Posé sur une chaise, occupant seul le milieu de la scène, ne cachant guère son agacement, Alpha Conde a brisé le ronronnement des discours convenus et le réconfortant rappel des grands principes. « Je ne suis impressionné par personne » a-t-il asséné « et toute radio qui passera les communiqués de Sama (des grévistes exprimant le point de vue des syndicats), sera fermée, car elle aura enfreint la loi… »Le menaces et l’exaspération du président s’expliquent par une situation sociale tendue n Guinée, marquée par une grève prolongée des enseignants. S’y ajoute un conflit avec une radio qui avait imprudemment suscité une rumeur évoquant le décès possible du chef de l’Etat, et cela tout simplement parce quelle avait diffusé des hymnes funèbres en hommage à un collaborateur du président, qui venait de décéder ! Se « lâchant » devant la presse nationale et internationale, dans un discours visiblement improvisé, Alpha Condé déclara alors qu’aucune des radios guinéennes n’était en règle d’autorisation et que nul ne doit se croire au dessus de la loi.
Par la suite, des confrères devaient nous expliquer qu’en réalité, la plupart des radios du pays s’étaient bel et bien acquitté des redevances dues, mais que les fonctionnaires avaient tardé, par négligence, à leur délivrer les autorisations exigées.
Au sortir de cette algarade, alors que le représentant de Reporters sans Frontières demandait un rendez vous d’urgence avec le président afin de demander des clarifications, la plupart des journalistes guinéens refusaient de dramatiser et tempéraient les réactions de leurs confrères : «Alpha Conde est ainsi, il ne pratique pas la langue de bois, et là, il s’est énervé… »
Il n’empêche que cette scène nous a paru d’un autre âge : l’actuel président de l’Union africaine, qui venait de rentrer de Paris où la France et diverses instances lui avaient promis des crédits pour un montant total de plus de 20 milliards de dollars, semblait « remonté » par ses soutiens internationaux et proclamait fièrement, à l’occasion de ce sommet réunissant des journalistes francophones, que « Guinea is back ».

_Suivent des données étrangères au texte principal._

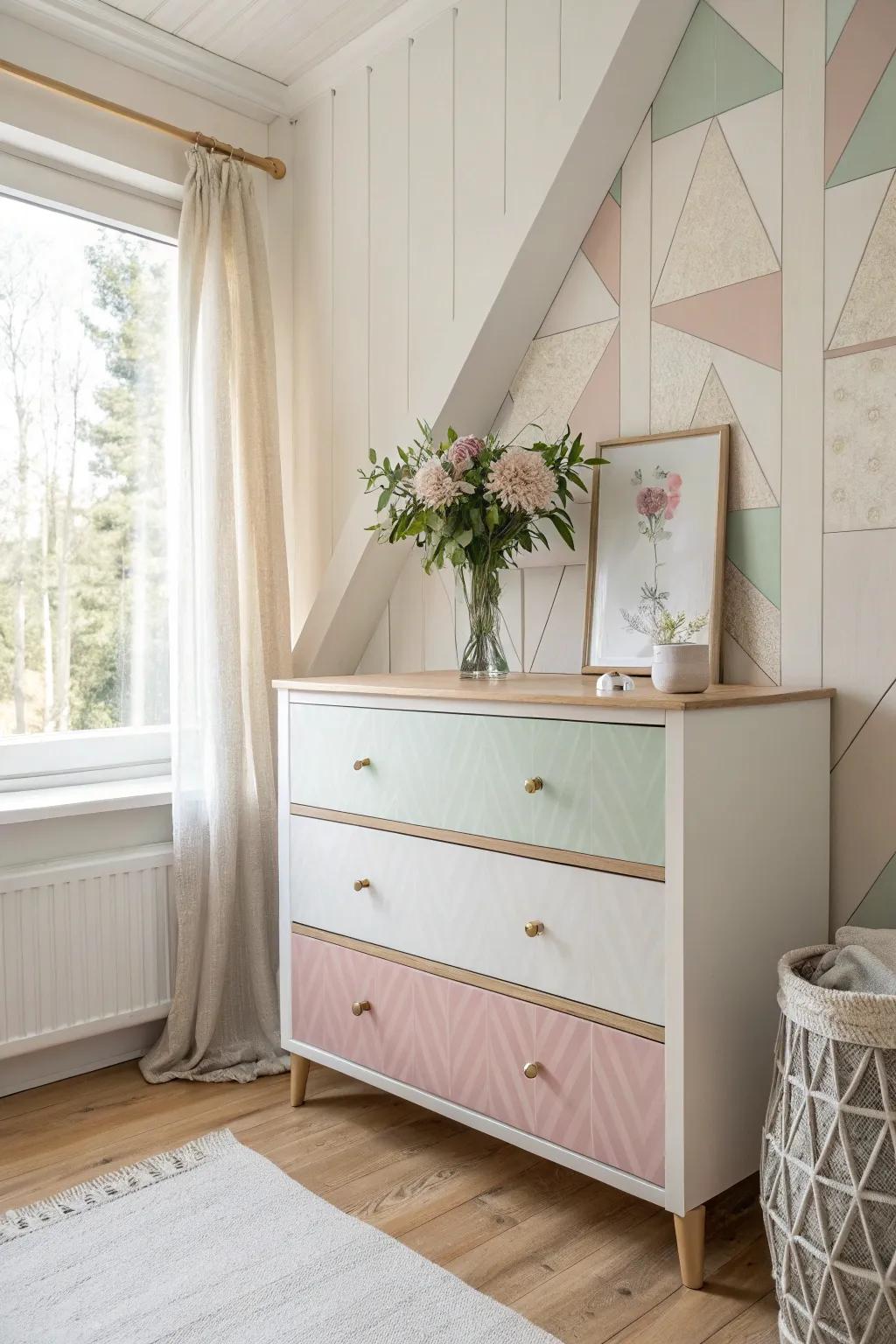 Create a serene sanctuary with pastel hues.
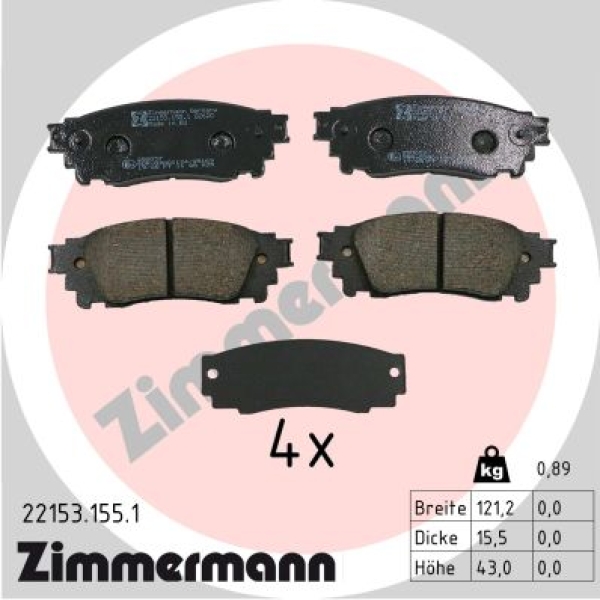 Zimmermann Bremsbeläge für TOYOTA ALPHARD / VELLFIRE (_H3_) hinten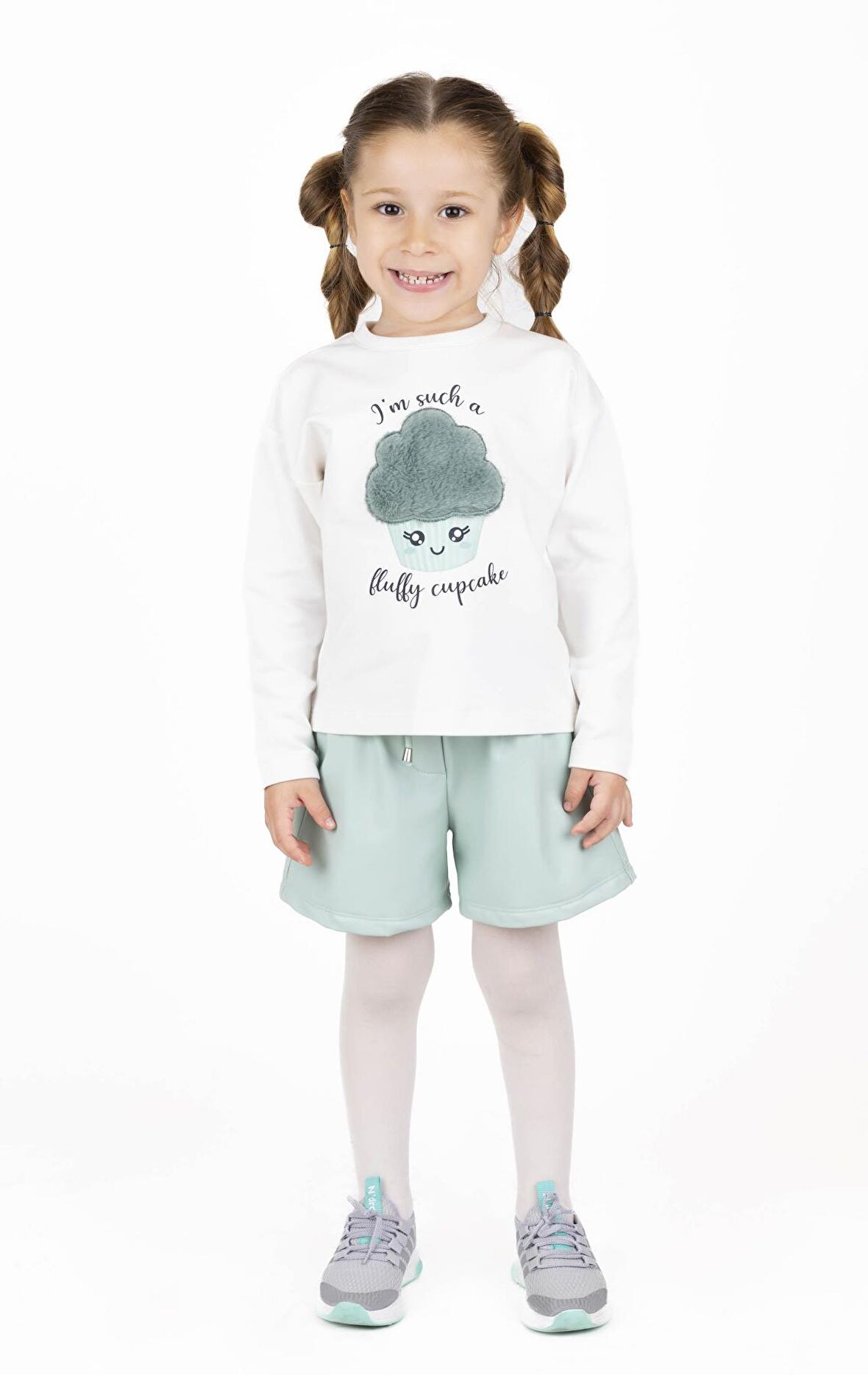KIZ ÇOCUK CUPCAKE İŞLEMELİ SWEATSHIRT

Le défi lancé à la presse, qui rappelait le président Mobutu dans ses meilleures années, n’était pas le seul anachronisme relevé cette semaine : l’état de la capitale, Conakry, paralysée par les embouteillages chroniques et se affichant un état de vétusté et d’insalubrité alarmant, évoquait lui aussi une Afrique d’un autre âge, comme un continent oublié qui s’enfoncerait lentement dans une lagune polluée…
Malgré les apparences, telle n’est cependant pas la réalité du pays de Sekou Touré, -celui qui fut le seul à dire « non » au général de Gaulle et à refuser l’association avec la France- un acte de souveraineté qui fut payé au plus haut prix.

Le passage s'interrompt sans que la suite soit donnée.